![](https://secure.gravatar.com/avatar/4c01705256aa2160c1354790e8c154db.jpg?s=120&d=mm&r=g)
On 05.02.16 21:58, Andrew Barnert via Python-ideas wrote:
The biggest pain with dealing with the peephole optimizer is that it happens after all the complicated flattening and fixup[^1] the compiler does, which means you have to hack up the jump targets as you go along. The future bytecode optimizers that PEP 511 enables will have the same headache.
But this isn't actually necessary. The optimizer could work on a flat array of instructions[^2] instead of an array of bytes, with relocatable jump targets instead of fixed byte offsets, and then the compiler could do the fixup _after_ the optimization.[^3]
It would break the optimizer APIs, but `PyCode_Optimize` isn't public, and the API proposed by PEP 511 is public, but that PEP isn't even finalized, much less accepted yet.
I don't think we need to expose the intermediate representation any farther along than the `PyCode_Optimize` step.[^4] Just moving the optimize one step earlier in the chain solves more than enough to be worth it.

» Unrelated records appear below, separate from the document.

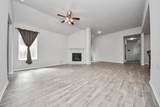 14718 Black Rail Drive - Photo 20
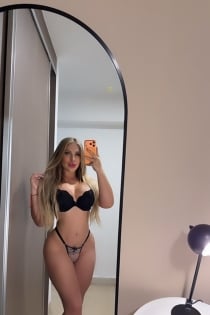 Jade, 22 éves, Frankfurt am Main / Németország Escorts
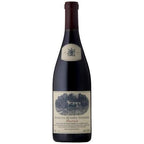 Hamilton Russell Pinot Noir 750Ml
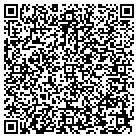 QR code with Chartwell Townhouse Apartments contacts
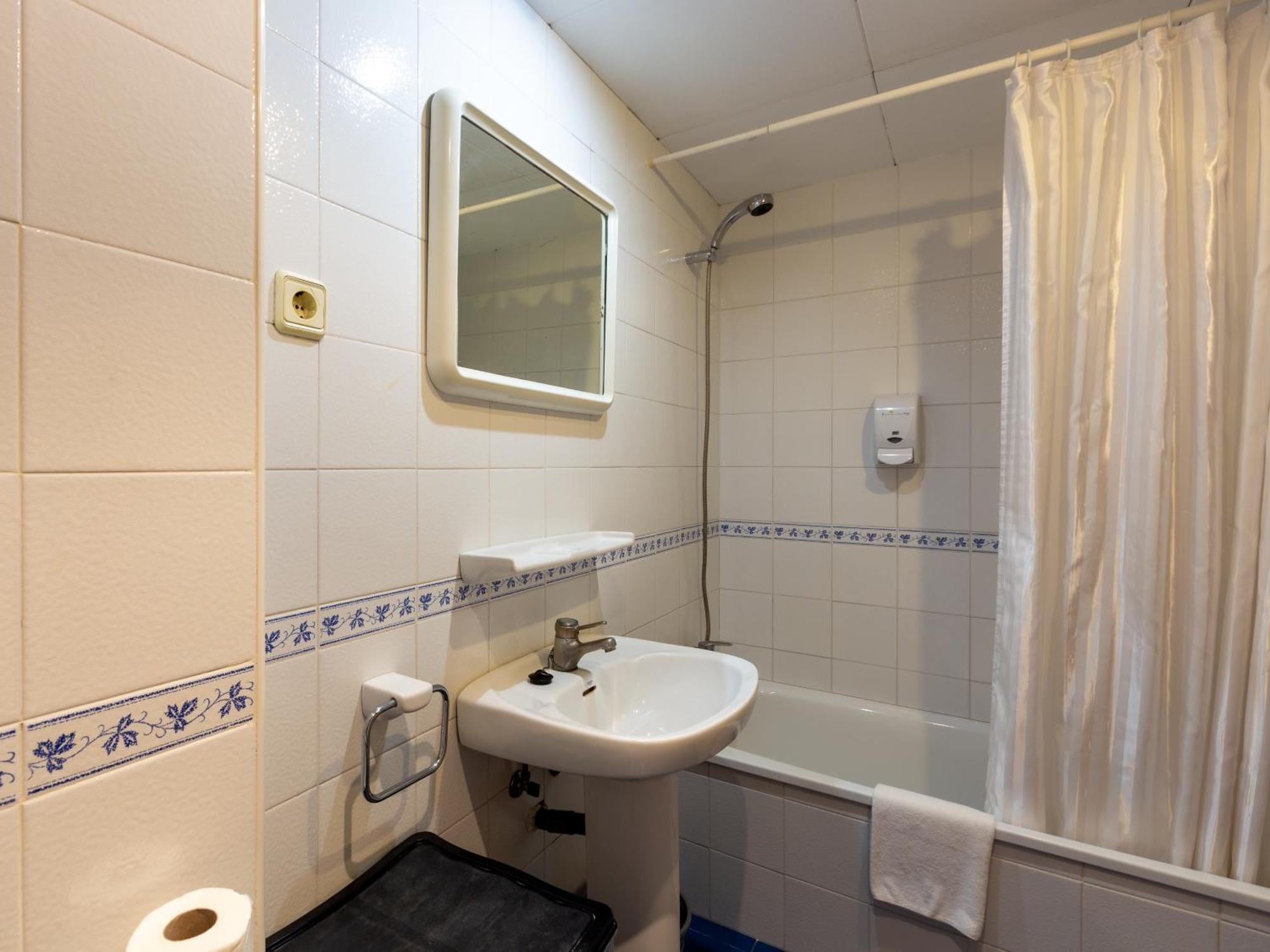 Sunway Tara Appartement Sitges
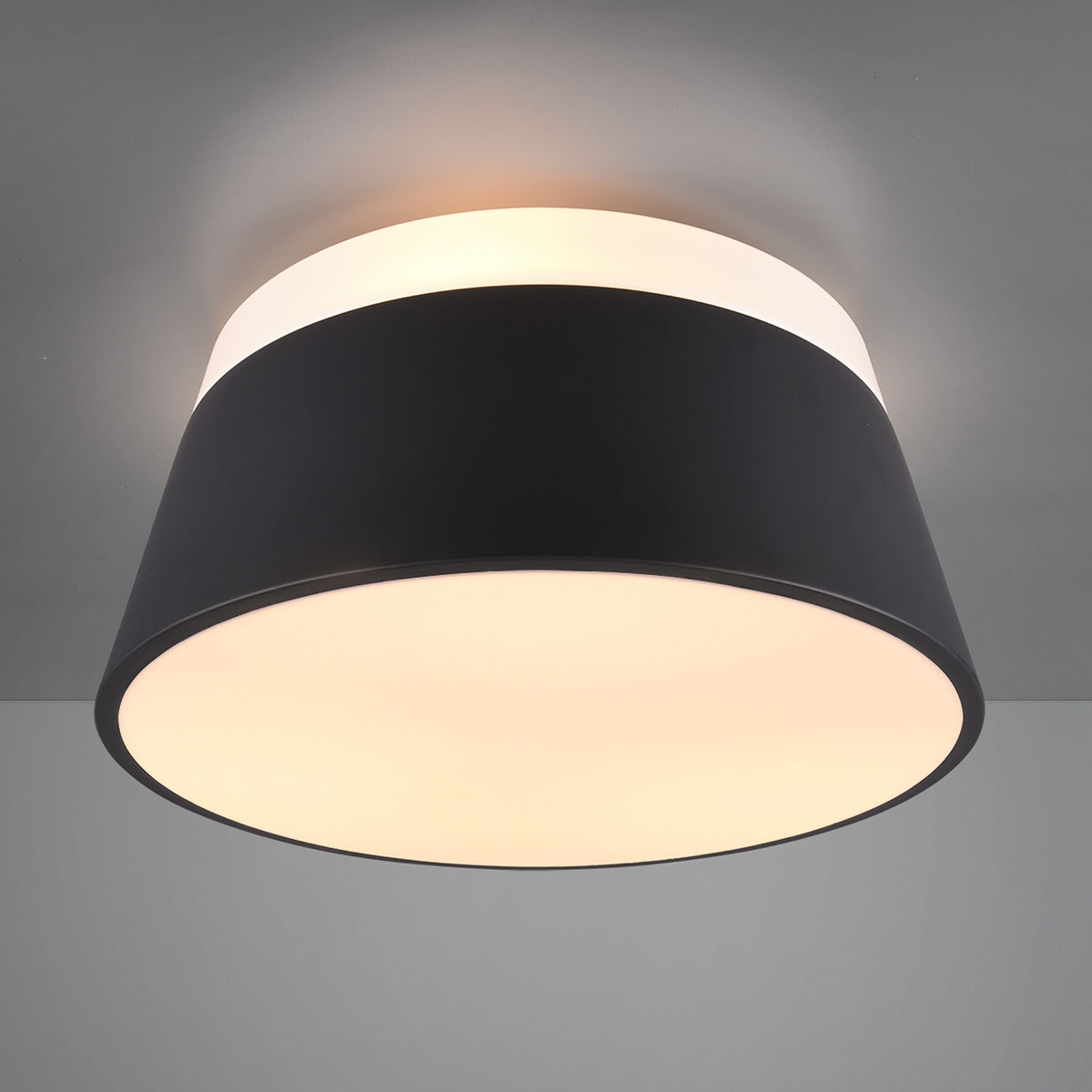 Trio Lighting 608900342 Stropní svítidla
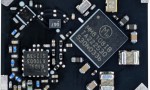 摩爾斯微電子推出MM8108-M20高功率Wi-Fi HaLow模組，適合監控攝影機與AP等應用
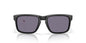 Oakley Mens OO9102 Holbrook Square Sunglasses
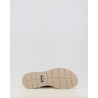 CAROLA 1163411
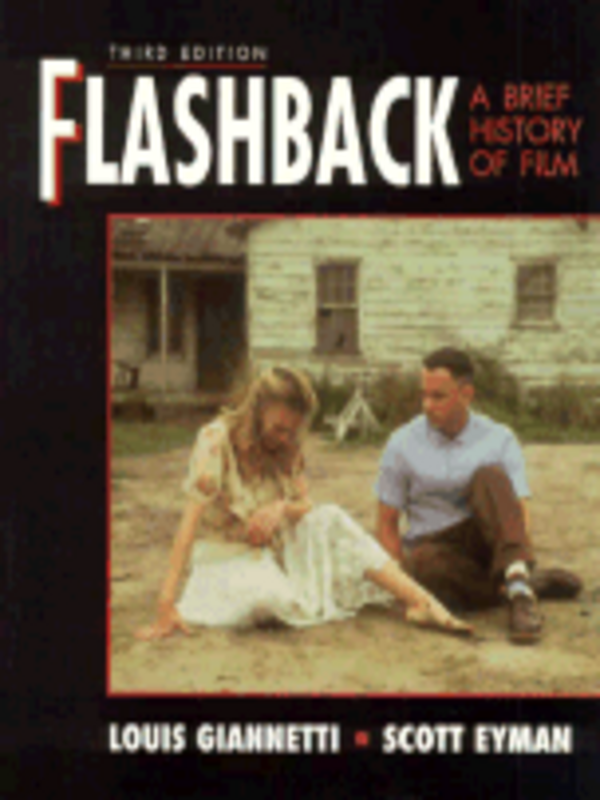Flashback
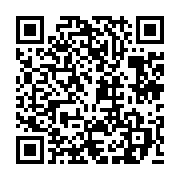 야영장 온라인예약 페이지 바로가기 주소(https://www.jangseong.go.kr/q/ezI0OTh8fHxkYXk9MTEmbW9udGg9MTImeWVhcj0yMDE4fQ==&e=M&s=3), QRCODE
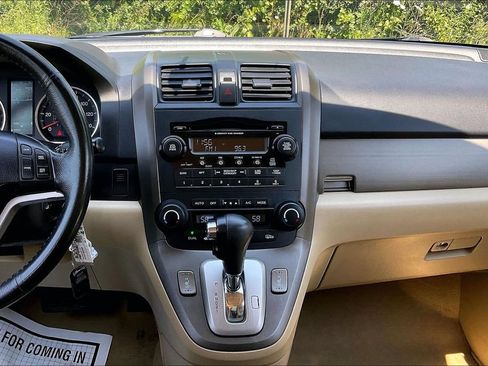Used 2008 Honda CR-V EX-L image 6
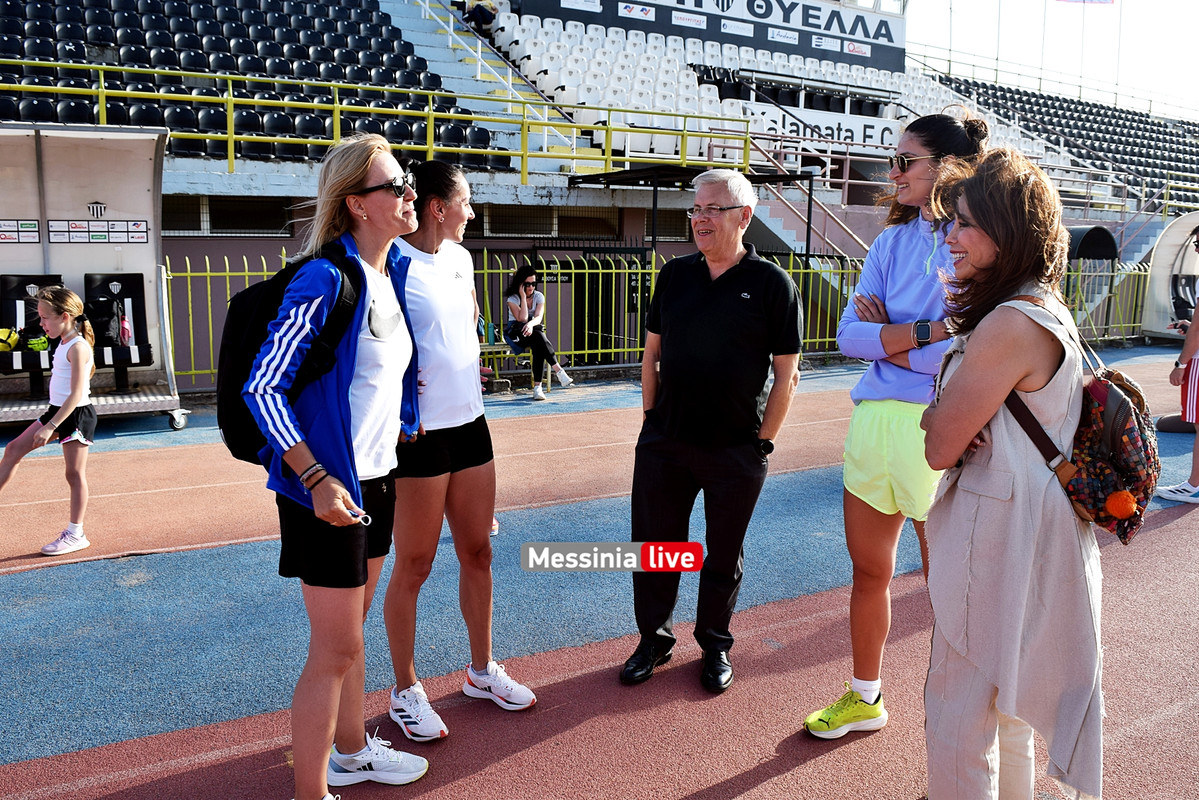 ΠΑΤΟΥΛΙΔΟΥ DSC_0347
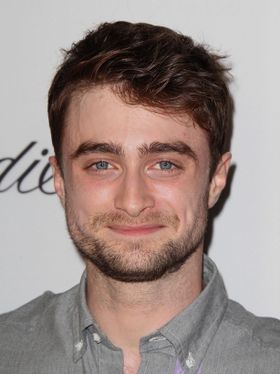 もうハリー・ポッターとは言わせない！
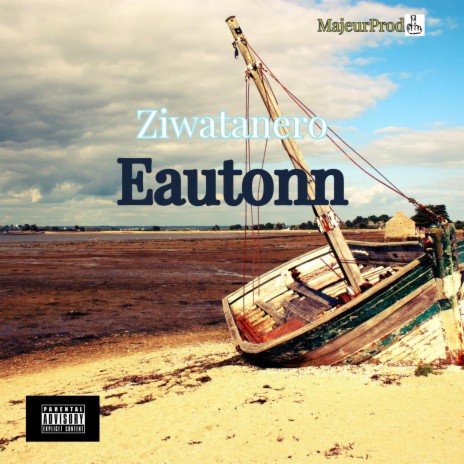 Ziwatanero | Boomplay Music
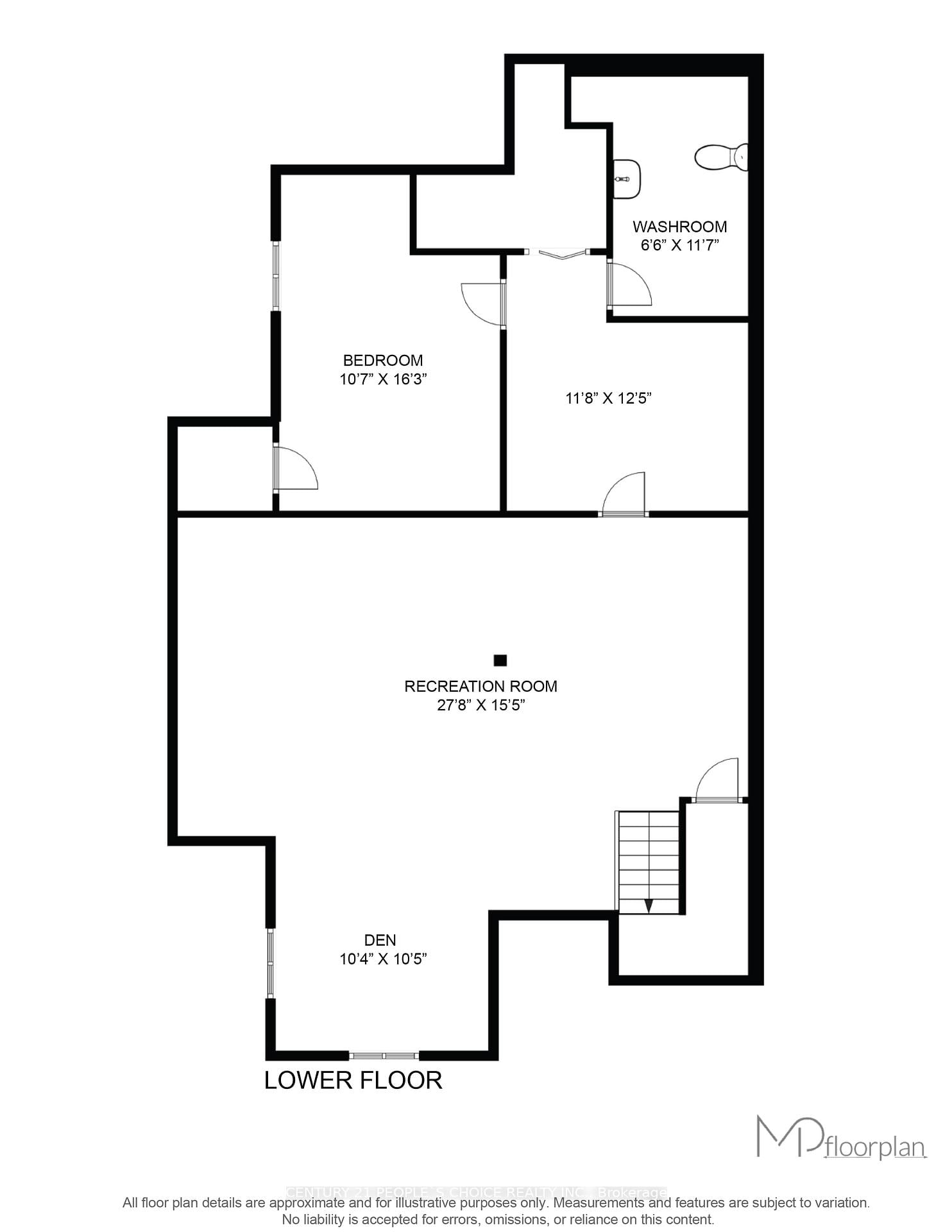 1448 Niagara Stone Road, Unit 17 - Photo 48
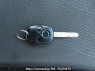Used 2010 AT honda freed GB3 Image[32]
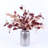 Eucalyptus Arrangement-605361968-605361973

LGTM. I did have the same idea when added specialized 8-bit opcodes. Some optimization (like constant folding) it is worth to move yet one step earlier, to AST. Other idea - instead of EXTENDED_ARG have two sets of instructions: short 16-bit with 8-bit arg, and long 32-bit with 24-bit arg. For simplicity initially only long instructions are emitted (if it makes sense). After optimization the code is packed using short instructions if possible (now we have all needed information and can do this in one pass). At the same time NOPs are removed. For later stages we easy can unpack the code back to long form.